**PROBLEM DESCRIPTION:** All lines from the one with "Slot Games yd555" through the final line below are to be reproduced exactly; omit the others.
SUPPLIED RECORDS START
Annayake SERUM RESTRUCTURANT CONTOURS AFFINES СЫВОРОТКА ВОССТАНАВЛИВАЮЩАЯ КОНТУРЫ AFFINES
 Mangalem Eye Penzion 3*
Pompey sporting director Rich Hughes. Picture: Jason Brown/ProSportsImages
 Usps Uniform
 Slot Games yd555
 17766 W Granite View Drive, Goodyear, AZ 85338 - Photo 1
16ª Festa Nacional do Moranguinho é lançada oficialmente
SUPPLIED RECORDS END
**RESPONSE TO THE EXERCISE:**
 Slot Games yd555
 17766 W Granite View Drive, Goodyear, AZ 85338 - Photo 1
16ª Festa Nacional do Moranguinho é lançada oficialmente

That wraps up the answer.